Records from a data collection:

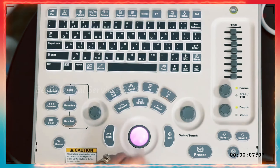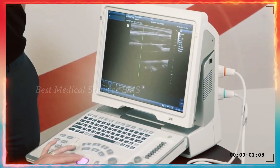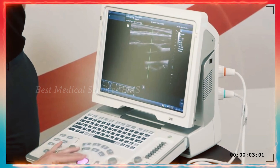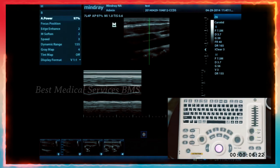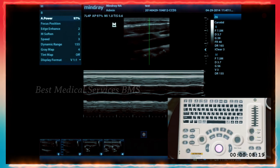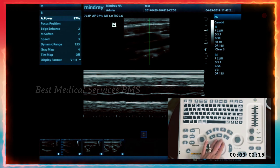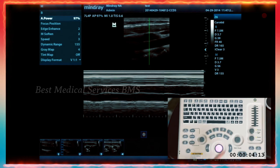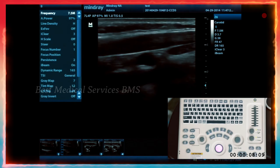When you press M mode, you get a green line that you can move back and forth with the trackball, and the update function allows you to start sampling. You're going to use that for fetal heart rates, pneumothorax, and emergency medicine. To turn M mode on and off, you can either hit M mode again or press the B mode button, which will always bring you back to basic 2D imaging.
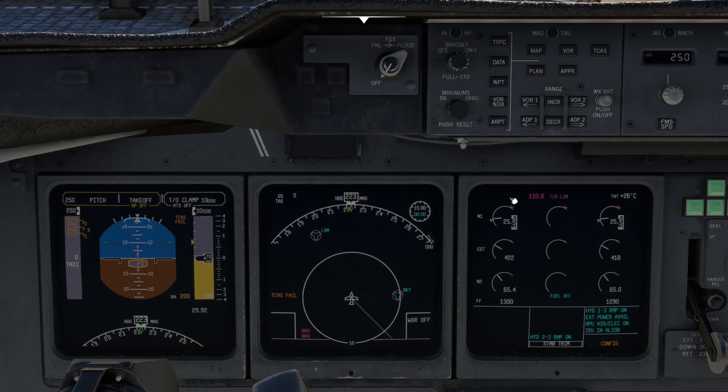Finally, let's return to the overhead panel, set lights as required, and do a sweep of the overhead panel to make sure there are no errors, and the same on the MFDs — make sure there are no errors displayed. That's it. Call for pushback and release the parking brake.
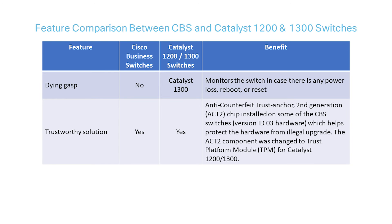Last but not least, there is an anti-counterfeit trust anchor, second-generation ACT-2 chip, that helps protect the hardware from illegal upgrades. This trustworthy solution is installed on some CBS switches for version 3 hardware only. As it was launched in Phase 2, not all CBS switches will have this feature. The ACT-2 component was changed to a trust platform module, TPM, for Catalyst 1200 and 1300 series switches, and provides the same protection.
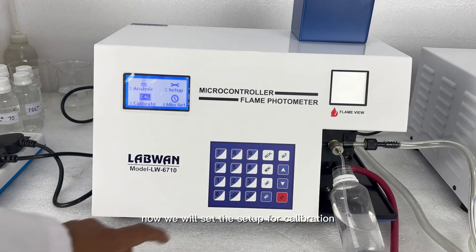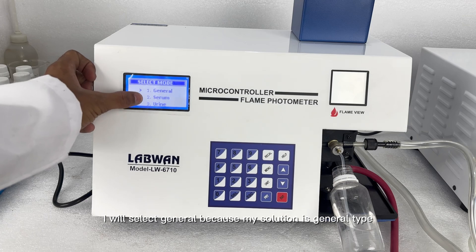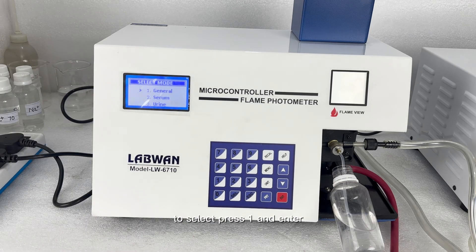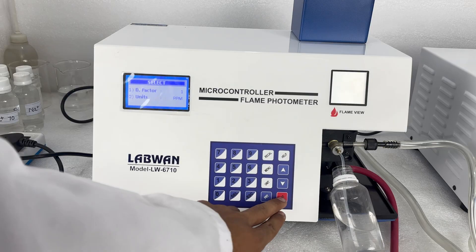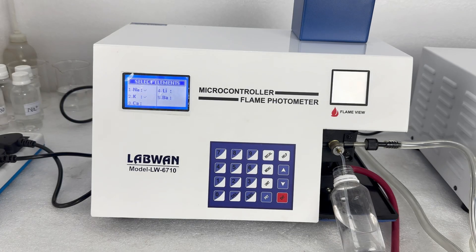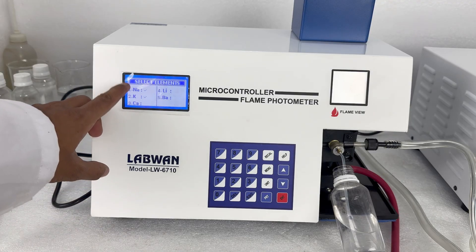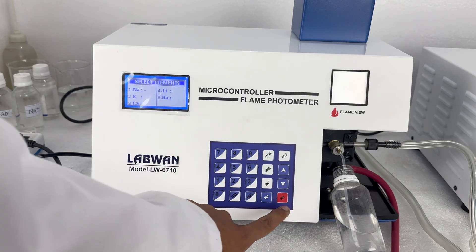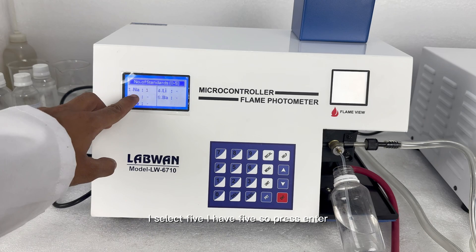Now we will set the setup for calibration. Press 2 for setup. Now we have to select — I am selecting 1 here. Now I have to select the mode; I will select general because my solution is general type. To select, press 1 and enter. Now press enter to skip this value. Now you have to select your solution type or element — here I select Na by pressing 1. Now I have to select the number of standard solutions; I select 5, so press enter.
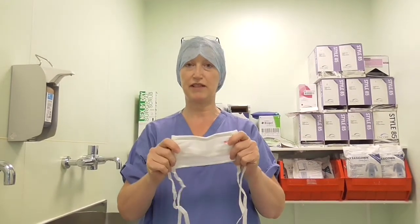Before we perform a surgical wash, you need to be wearing correct theatre clothing. Your hair needs to be completely covered. For gentlemen who are wearing beards, you should wear a special hat that covers the beard as well. You also need to wear a surgical face mask.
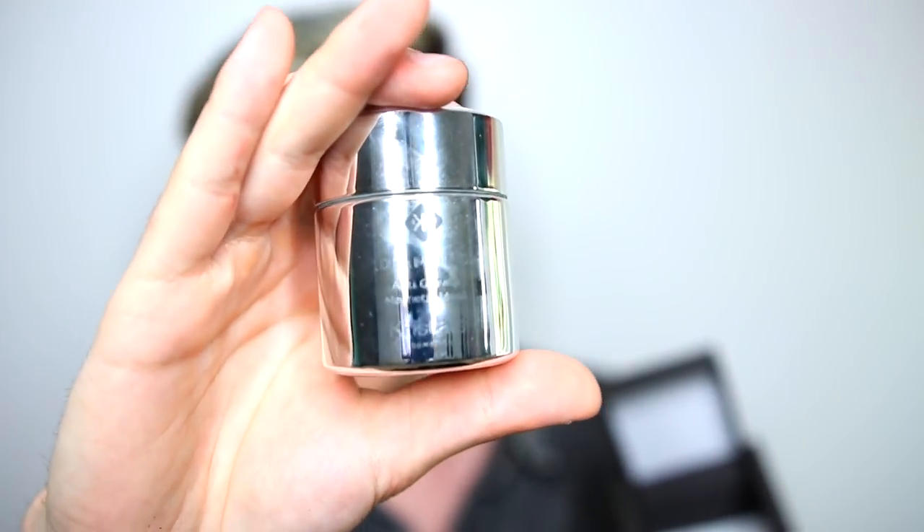Moving on to what we've been waiting for: the Diamond Anti-Gravity Magnetic Mask by Crystal Cosmetics. This retails for $1,499.95 on the Crystal Cosmetics website, and it comes in this charcoal matte box that opens up like this. I'm pretty sure the box is probably a majority of the cost you're paying for, but whatever. The mask is right here in the little container — it's covered in fingerprints, but it says Diamond Crystal Magnetic on it.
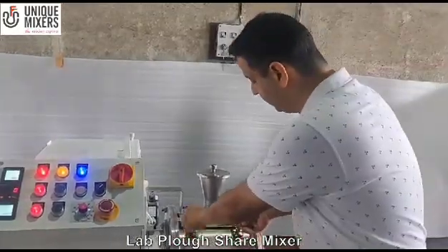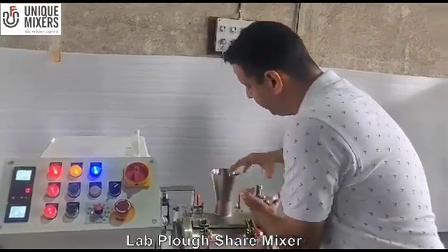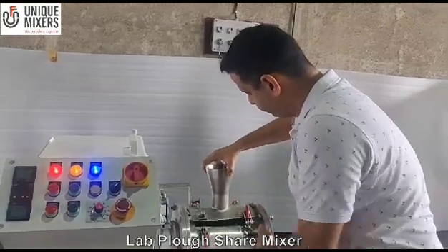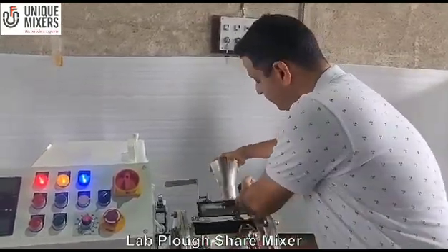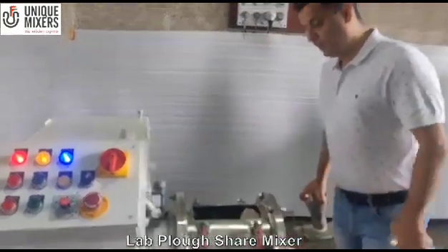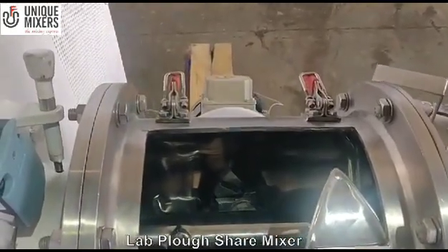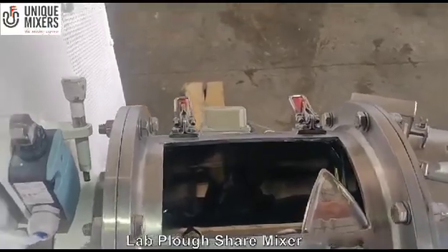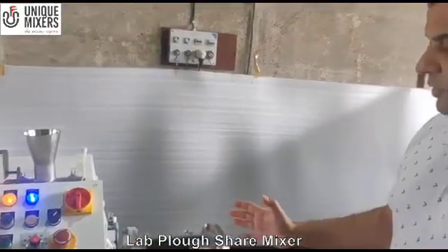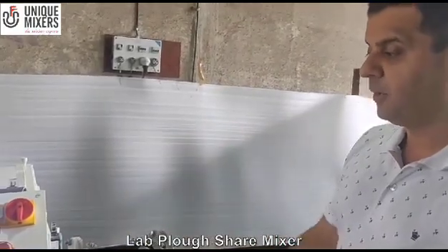The charging of the material is through the window which is opening here. As you can see, the mixing elements are plough-shaped and we also have a chopper assembly, which is designed to disintegrate the lumps and agglomerates in the mixing. It is a very compact design so that all the functions including the control panel can be operated.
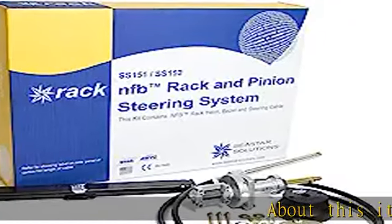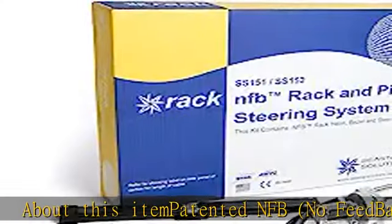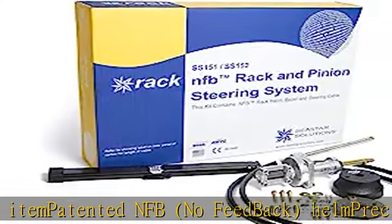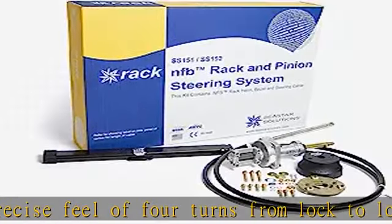About this item: patented NFB no feedback helm, precise feel of four turns from lock to lock, standard three-fourths round tapered steering wheel shaft, stainless steel cable output ends, fast easy installation. Check the description to get this product today at the best price.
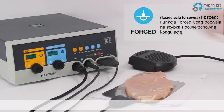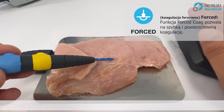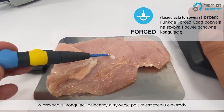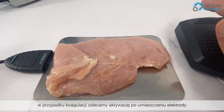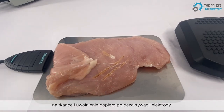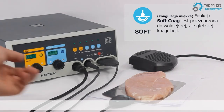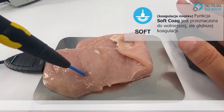Forced coag: this function allows for a quicker and superficial coagulation. When using coagulation, we recommend activating after you've already placed the electrode onto the tissue and releasing it only after you've deactivated the electrode. Soft coag: this function is meant for a slower but deeper coagulation.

Task to complete:
Copy out exactly, with no pictures, the lines of the data from the first one through the line bearing "Last but not".

Finished task:
When you press M mode, you get a green line that you can move back and forth with the trackball, and the update function allows you to start sampling. You're going to use that for fetal heart rates, pneumothorax, and emergency medicine. To turn M mode on and off, you can either hit M mode again or press the B mode button, which will always bring you back to basic 2D imaging.
Finally, let's return to the overhead panel, set lights as required, and do a sweep of the overhead panel to make sure there are no errors, and the same on the MFDs — make sure there are no errors displayed. That's it. Call for pushback and release the parking brake.
Last but not least, there is an anti-counterfeit trust anchor, second-generation ACT-2 chip, that helps protect the hardware from illegal upgrades. This trustworthy solution is installed on some CBS switches for version 3 hardware only. As it was launched in Phase 2, not all CBS switches will have this feature. The ACT-2 component was changed to a trust platform module, TPM, for Catalyst 1200 and 1300 series switches, and provides the same protection.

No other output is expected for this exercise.